PROBLEM DETAILS: Where the records hold the string "White", show the whole line it sits on.

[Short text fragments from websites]
■ ■ ■ ■ ■

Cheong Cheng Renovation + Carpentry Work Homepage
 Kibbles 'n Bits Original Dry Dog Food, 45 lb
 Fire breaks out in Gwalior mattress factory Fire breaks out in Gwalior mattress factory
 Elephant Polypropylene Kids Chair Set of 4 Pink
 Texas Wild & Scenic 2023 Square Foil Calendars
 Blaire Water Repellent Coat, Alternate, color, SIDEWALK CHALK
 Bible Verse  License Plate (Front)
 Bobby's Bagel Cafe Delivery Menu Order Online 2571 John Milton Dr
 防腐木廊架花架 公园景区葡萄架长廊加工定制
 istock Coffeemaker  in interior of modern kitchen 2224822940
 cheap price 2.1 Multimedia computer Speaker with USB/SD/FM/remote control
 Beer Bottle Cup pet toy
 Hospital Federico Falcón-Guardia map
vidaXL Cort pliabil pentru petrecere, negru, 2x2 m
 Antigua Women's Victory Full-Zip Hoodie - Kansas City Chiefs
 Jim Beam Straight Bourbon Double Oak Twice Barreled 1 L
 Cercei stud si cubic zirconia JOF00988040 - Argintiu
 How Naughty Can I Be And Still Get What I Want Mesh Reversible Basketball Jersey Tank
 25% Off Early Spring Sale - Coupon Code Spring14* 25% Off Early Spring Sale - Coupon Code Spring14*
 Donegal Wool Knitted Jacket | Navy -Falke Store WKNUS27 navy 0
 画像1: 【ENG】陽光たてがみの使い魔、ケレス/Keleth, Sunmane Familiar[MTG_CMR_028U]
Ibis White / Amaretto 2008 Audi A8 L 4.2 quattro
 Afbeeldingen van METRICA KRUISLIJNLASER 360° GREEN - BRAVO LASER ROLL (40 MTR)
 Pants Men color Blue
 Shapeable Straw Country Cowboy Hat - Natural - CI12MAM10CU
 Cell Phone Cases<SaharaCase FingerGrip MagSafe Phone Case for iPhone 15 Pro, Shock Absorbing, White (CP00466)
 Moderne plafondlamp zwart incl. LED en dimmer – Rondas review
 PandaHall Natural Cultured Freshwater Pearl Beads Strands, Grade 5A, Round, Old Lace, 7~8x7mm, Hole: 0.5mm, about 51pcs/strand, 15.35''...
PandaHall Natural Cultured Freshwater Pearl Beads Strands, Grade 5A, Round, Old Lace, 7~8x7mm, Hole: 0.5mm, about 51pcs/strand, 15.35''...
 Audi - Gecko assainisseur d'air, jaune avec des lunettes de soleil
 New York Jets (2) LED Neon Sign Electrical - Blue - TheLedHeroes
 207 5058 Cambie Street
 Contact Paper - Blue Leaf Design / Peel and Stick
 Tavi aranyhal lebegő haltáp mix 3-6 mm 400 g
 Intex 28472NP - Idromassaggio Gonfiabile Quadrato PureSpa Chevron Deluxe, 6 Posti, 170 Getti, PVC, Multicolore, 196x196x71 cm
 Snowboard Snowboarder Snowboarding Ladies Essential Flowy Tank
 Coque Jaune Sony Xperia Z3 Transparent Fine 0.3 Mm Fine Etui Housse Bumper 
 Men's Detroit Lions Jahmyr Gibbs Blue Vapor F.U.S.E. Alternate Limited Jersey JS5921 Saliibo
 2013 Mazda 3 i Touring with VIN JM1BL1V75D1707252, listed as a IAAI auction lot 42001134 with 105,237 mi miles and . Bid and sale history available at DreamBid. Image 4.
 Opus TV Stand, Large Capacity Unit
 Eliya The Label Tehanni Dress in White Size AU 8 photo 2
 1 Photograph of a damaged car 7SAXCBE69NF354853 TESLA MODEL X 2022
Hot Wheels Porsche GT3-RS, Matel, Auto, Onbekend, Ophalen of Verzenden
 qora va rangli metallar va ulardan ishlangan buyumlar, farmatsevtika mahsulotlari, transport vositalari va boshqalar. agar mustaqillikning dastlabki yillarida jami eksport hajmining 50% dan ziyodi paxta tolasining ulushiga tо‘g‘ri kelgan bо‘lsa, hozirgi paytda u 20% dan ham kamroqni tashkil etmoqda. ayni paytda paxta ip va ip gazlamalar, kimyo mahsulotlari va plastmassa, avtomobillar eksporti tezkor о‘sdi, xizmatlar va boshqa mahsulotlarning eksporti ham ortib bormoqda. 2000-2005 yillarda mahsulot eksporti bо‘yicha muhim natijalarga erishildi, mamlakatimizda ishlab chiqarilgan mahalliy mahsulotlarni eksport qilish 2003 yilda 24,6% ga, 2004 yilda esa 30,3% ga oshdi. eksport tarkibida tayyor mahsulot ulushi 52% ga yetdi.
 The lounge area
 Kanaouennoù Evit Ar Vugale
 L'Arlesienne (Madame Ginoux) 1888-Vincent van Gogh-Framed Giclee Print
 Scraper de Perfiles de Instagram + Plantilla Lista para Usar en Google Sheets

■ ■ ■ ■ ■

EXERCISE RESULT:
Ibis White / Amaretto 2008 Audi A8 L 4.2 quattro
 Cell Phone Cases<SaharaCase FingerGrip MagSafe Phone Case for iPhone 15 Pro, Shock Absorbing, White (CP00466)
 Eliya The Label Tehanni Dress in White Size AU 8 photo 2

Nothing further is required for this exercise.